Germany is trying to get out front of other EU countries by creating a national firearms registry by1 January, 2013. The Canadian Shooting Sports Association and the Canadian Institute for Legislative Action (CSSA/CILA) combined to “offer some friendly advice as a courtesy to the German people” in this open letter, which could apply equally to Australia:

CSSA/CILA notes with alarm and dread that Germany is planning to create a firearms registry.

In the wake of the obvious failure of these databases elsewhere in the world, we can only conclude that German government officials may have imbibed too liberally at Oktoberfest! Creating a new registry is a colossally bad idea. Canada has proved that laying a piece of paper beside legal guns is not a public safety measure. It can only create financial havoc that the EU can ill afford. After much sober second thought, the Conservative party in Canada recently scrapped the firearms registry conceived by the Liberal party 20 years ago. The database was designed as a public relations ruse to get the Liberals re-elected, and they successfully duped millions of Canadians into believing it would reduce gun crimes. Of course, it did nothing of the kind. That’s what your government is doing to you now.

A gun registry isn’t capable of reducing crime. Canadians mourned a horrible tragedy on December 6, 1989 when a crazed assailant killed 14 women with a hunting rifle at a college in Quebec. Then he shot himself. The Canadian media still writes about it every year on December 6, which has made the attacker very famous. Canadians felt helpless and demanded that the government do something to prevent it from ever happening again. The Liberal government decided to try to go after all sporting long-guns, instead of targeting criminals. The Liberals blamed the guns! They told gun owners to contact them with a list of their guns or they could go to jail. Needless to say, the criminals didn’t comply. The only people who registered their firearms were the law-abiding sport shooters, farmers, hunters, trappers and collectors, but they were never part of the problem.

Then another tragic college shooting took place in Quebec. Fifteen years after the gun registry had been introduced, another crazed gunman injured 19 people and killed two more. Some people believe he did it so the media would make him famous, too. And it worked! Canadians were shocked because the government promised that the registry would prevent mass shootings. But, slowly the people realized that criminals don’t register guns and even registered guns can be abused. That’s when most Canadians admitted that a gun registry is useless. There are still a few people who seem to believe it somehow keeps them safe, including most of the members of Parliament in our two federal opposition parties. They say they’ll start a new registry if they’re elected, but after 20 years they still can’t provide any evidence that it enhances safety. Most Canadians now realize that opposition MPs are just trying to scare us into voting for them.

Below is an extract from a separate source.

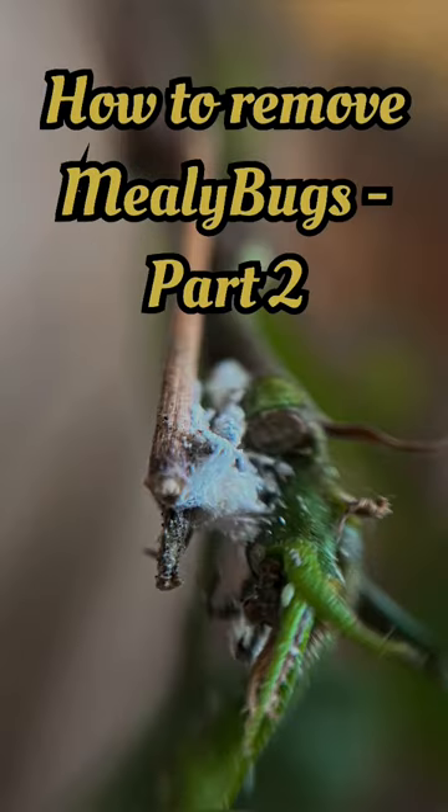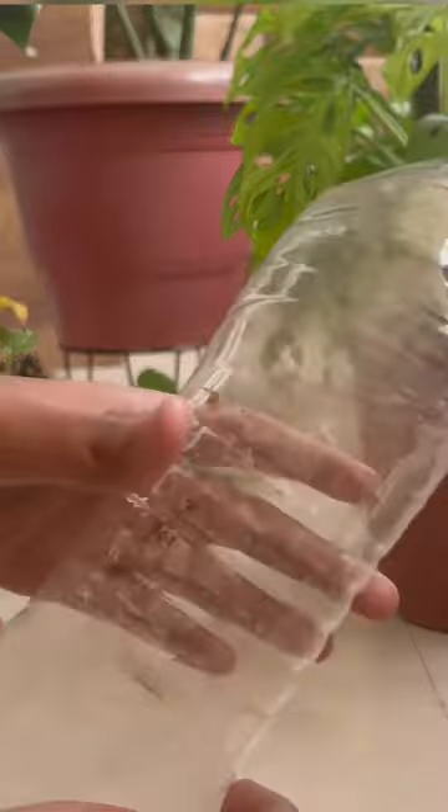How to remove mealybugs from your plants, part 2. I am using this plastic bottle with holes on the lid — you can make use of any spray bottle.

The Liberal government said 20 years ago that it would only cost $2 million to create a national computer database to match up all the long-guns in Canada to an individual and their address. They were way off. After 20 years, it has cost more than $2 billion, which is a hundred times more than the original estimate. Our national police force has even admitted that computer hackers have found out where the registered gun are located. After our registry was scrapped, the CSSA/CILA invented the Great Canadian Gun Registry Shuffle, so everyone could legally swap guns and prove the data is antiquated.

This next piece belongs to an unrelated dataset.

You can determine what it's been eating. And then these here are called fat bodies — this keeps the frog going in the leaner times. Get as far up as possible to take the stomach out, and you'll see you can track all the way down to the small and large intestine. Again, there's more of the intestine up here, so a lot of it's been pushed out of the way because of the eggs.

Canadians are quite similar to Germans in some ways, especially when it comes to doing what their political masters tell them. We are both law abiding peoples and usually obey our laws – even bad ones. But a gun registry is such an useless public safety measure that many people either ignored the law or didn’t know it applied to them. That why more than half the rifles and shotguns in Canada have never been registered.

If you allow your politicians to create a registry, you will deserve the hideous expense to taxpayers and unfairness to responsible gun owners. Canada tried it. New Zealand tried it. It doesn’t work, so we scrapped it. If it is ever introduced here again, it is doubtful that most firearm owners would comply. Your police officers will pretend they need a registry to prevent and solve crimes, but don’t buy it. The Liberal government admitted that they only want police and military personnel to have guns. Perhaps that’s why the German leadership wants to know where your guns are located. Just in case they decide to confiscate them some day.

Hope you don’t mind us sharing our gun registry experience with you. In the meantime, if you ever find evidence that a registry can work as a public safety component, please let us know. No one here has found a shred of evidence after 20 years.